▶ **Brief**:
Among the entries that follow, count the lines with the word "Photo" and report the number by itself.

▶ **Records shown**:

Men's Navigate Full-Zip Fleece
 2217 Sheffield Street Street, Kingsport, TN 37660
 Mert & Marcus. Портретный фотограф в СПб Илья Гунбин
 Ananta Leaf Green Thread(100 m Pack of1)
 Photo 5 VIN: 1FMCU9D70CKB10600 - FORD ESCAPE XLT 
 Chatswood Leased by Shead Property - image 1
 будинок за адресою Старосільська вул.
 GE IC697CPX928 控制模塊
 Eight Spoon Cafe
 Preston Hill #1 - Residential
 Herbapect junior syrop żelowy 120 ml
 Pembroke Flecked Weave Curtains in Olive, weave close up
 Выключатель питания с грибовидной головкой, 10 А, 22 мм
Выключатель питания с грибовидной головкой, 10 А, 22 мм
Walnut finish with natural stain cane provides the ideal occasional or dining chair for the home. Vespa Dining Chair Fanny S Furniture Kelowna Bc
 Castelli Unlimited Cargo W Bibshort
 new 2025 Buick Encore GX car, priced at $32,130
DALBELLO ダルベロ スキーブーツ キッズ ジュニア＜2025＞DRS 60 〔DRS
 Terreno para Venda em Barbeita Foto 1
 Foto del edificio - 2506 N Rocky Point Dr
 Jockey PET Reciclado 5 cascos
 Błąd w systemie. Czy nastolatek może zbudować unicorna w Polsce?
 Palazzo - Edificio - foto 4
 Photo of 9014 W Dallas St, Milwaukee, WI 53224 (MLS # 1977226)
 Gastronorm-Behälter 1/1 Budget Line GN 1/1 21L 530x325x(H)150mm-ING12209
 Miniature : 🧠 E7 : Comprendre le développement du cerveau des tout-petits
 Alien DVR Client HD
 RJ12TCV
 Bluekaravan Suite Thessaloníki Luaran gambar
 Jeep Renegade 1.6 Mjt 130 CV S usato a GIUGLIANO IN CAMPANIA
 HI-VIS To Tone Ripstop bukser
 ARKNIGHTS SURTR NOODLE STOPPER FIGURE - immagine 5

▶ **Answer section**:
2